### Work to complete
As an exercise, transcribe the data below in full and exactly, omitting pictures.

Stored data
┄┄┄┄┄┄┄┄┄┄

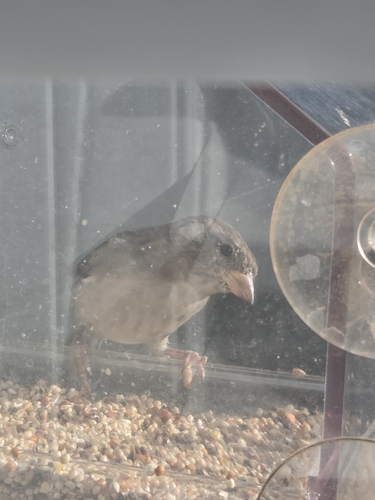Passer domesticus observed 2026-10-04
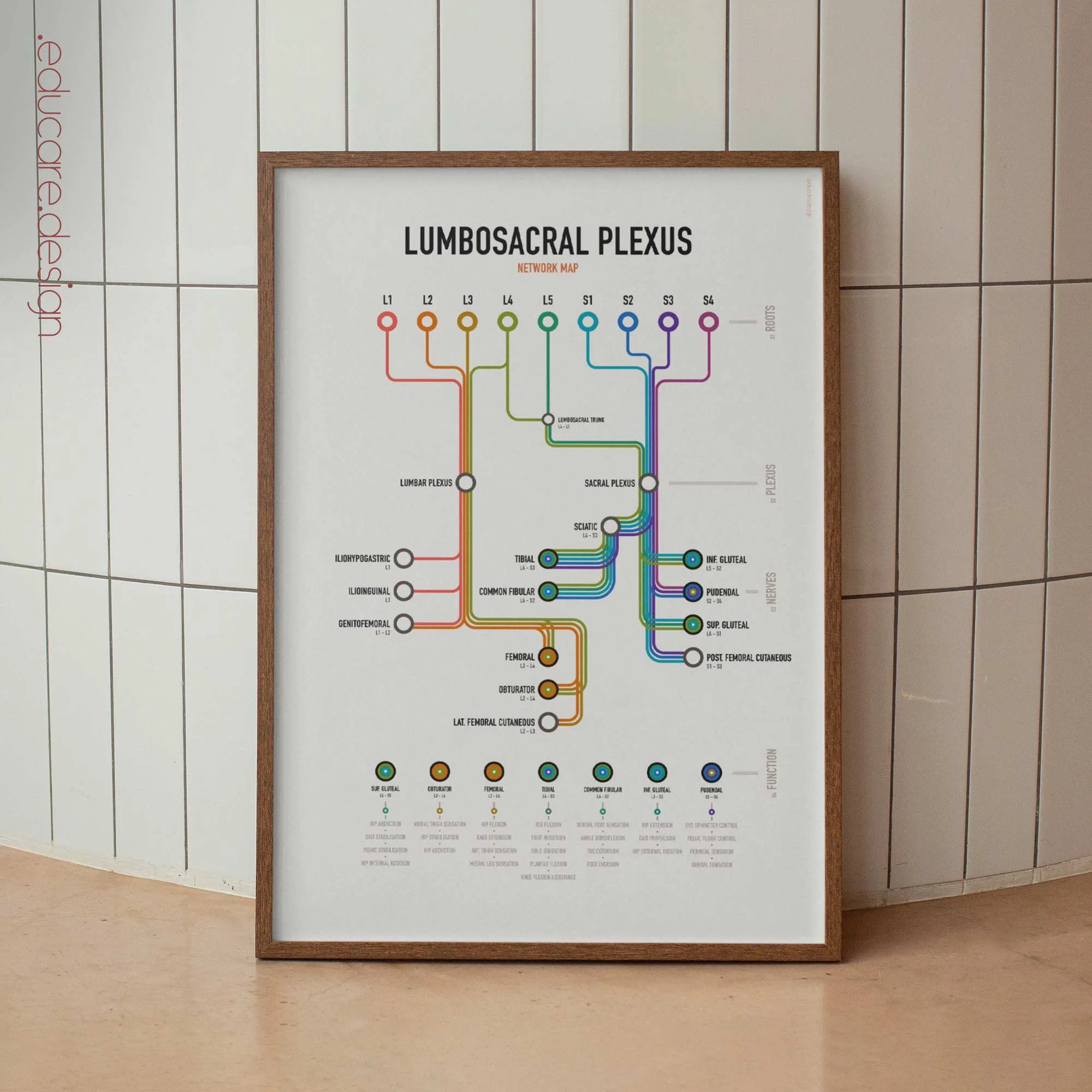 Lumbosacral Plexus Network Map anatomy chart for clinics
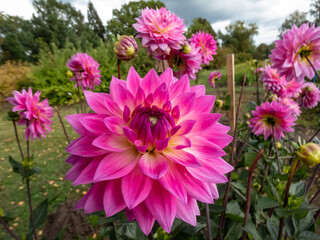 Dahlia 'Miss delilah' blooming with large flower with hot pink outer petals and a cooler creamy...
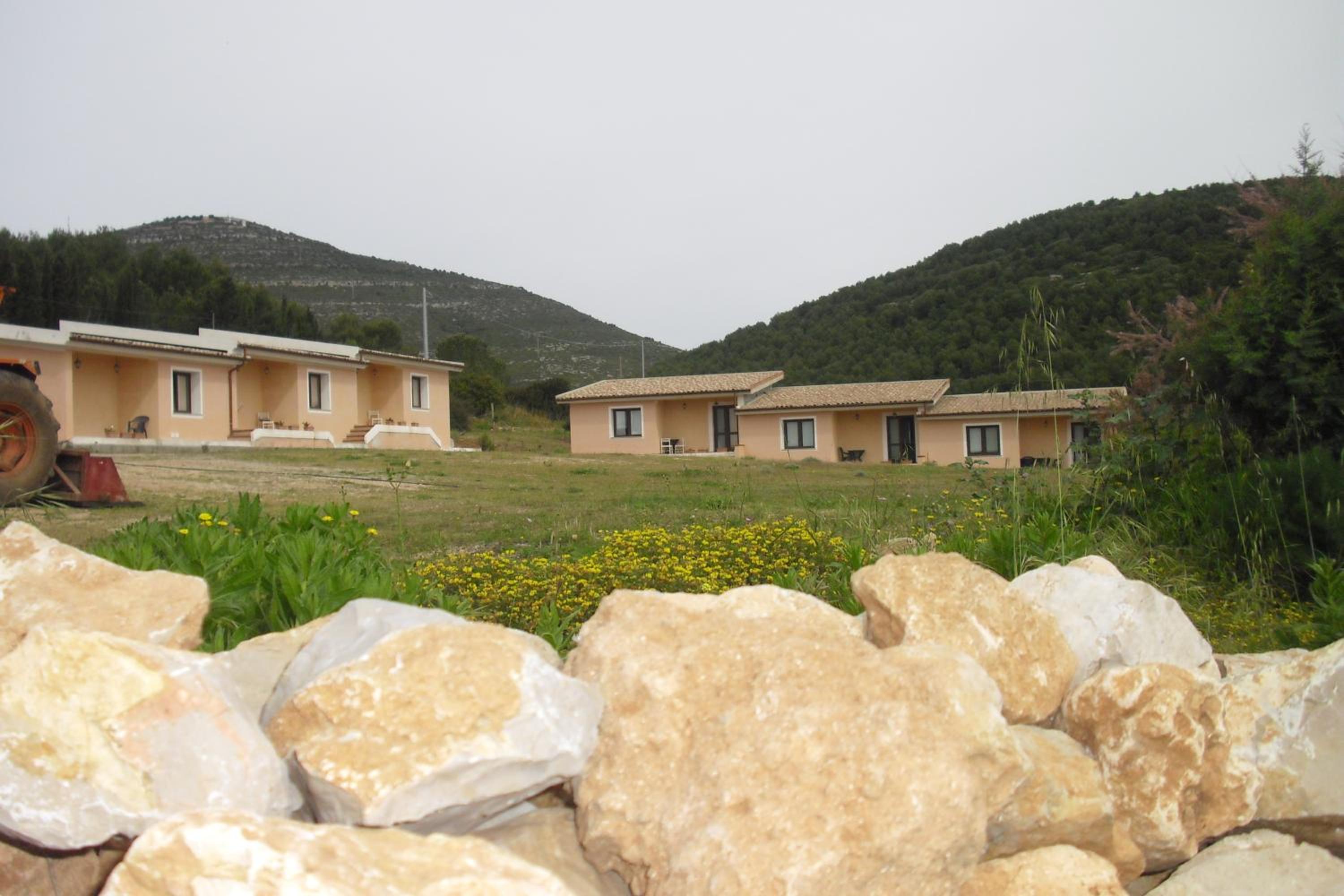 Photo 24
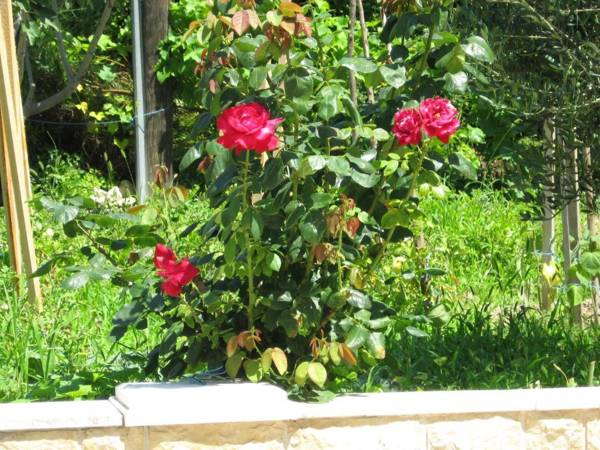 Apartments Božana - with parking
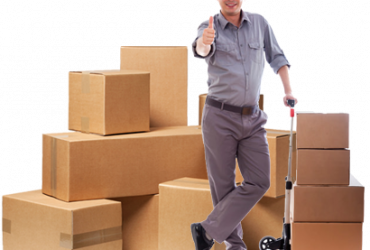 Professional Movers And Packers In Noida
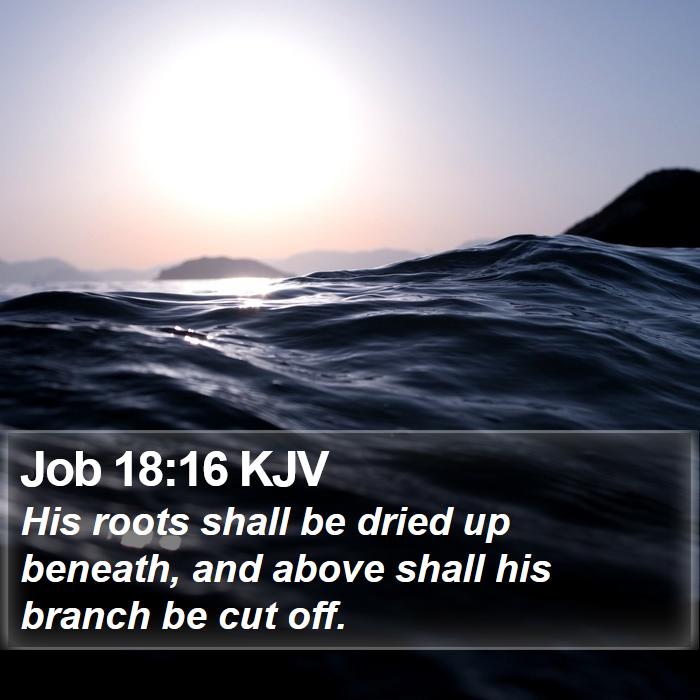 Job 18:16 KJV Bible Study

┄┄┄┄┄┄┄┄┄┄

### Output below
Passer domesticus observed 2026-10-04
 Lumbosacral Plexus Network Map anatomy chart for clinics
 Dahlia 'Miss delilah' blooming with large flower with hot pink outer petals and a cooler creamy...
 Photo 24
 Apartments Božana - with parking
 Professional Movers And Packers In Noida
 Job 18:16 KJV Bible Study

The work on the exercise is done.